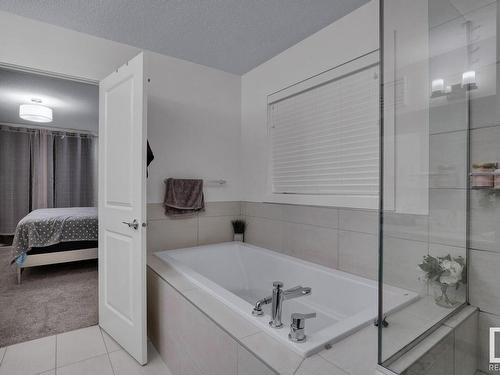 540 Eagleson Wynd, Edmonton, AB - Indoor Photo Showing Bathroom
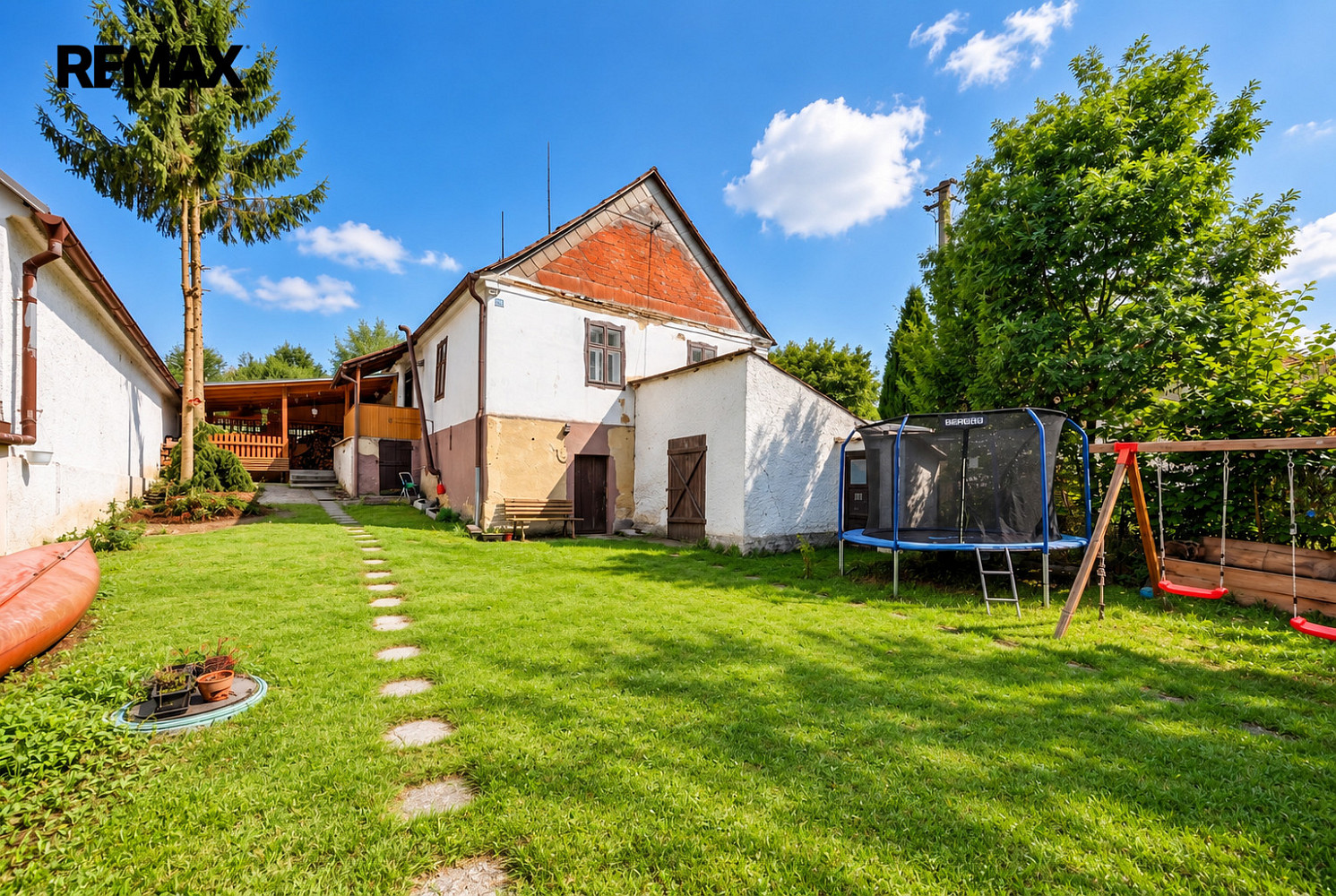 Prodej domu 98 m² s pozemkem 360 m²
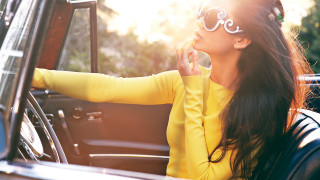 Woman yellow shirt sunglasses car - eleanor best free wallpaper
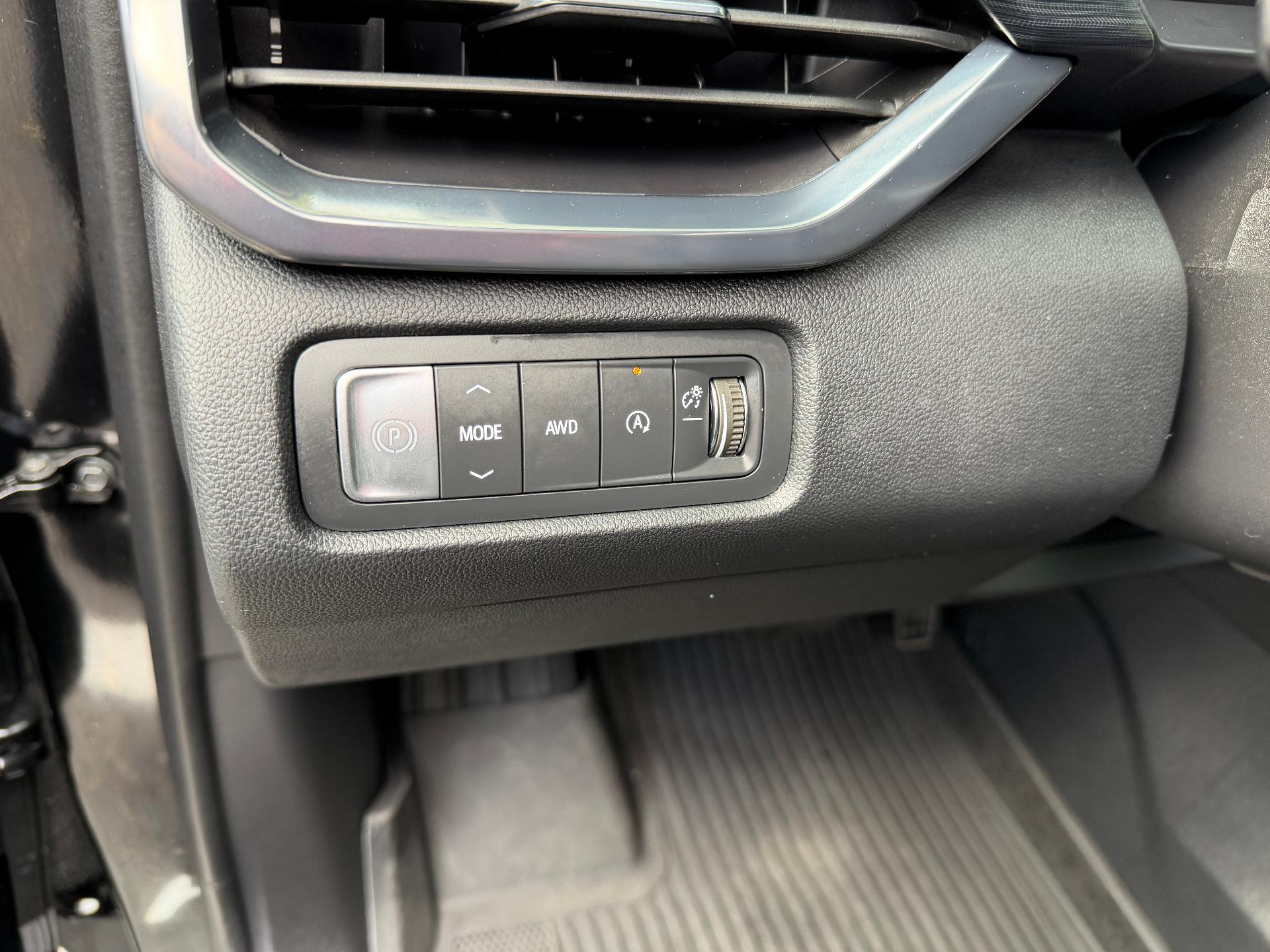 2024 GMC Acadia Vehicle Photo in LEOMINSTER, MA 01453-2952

### Your assignment
Pictures excluded, output exactly the line that contains "Prodej domu 98 m² s pozemkem 360 m²" and every line after it to the end of the data above.

### Solved exercise
 Prodej domu 98 m² s pozemkem 360 m²
 Woman yellow shirt sunglasses car - eleanor best free wallpaper
 2024 GMC Acadia Vehicle Photo in LEOMINSTER, MA 01453-2952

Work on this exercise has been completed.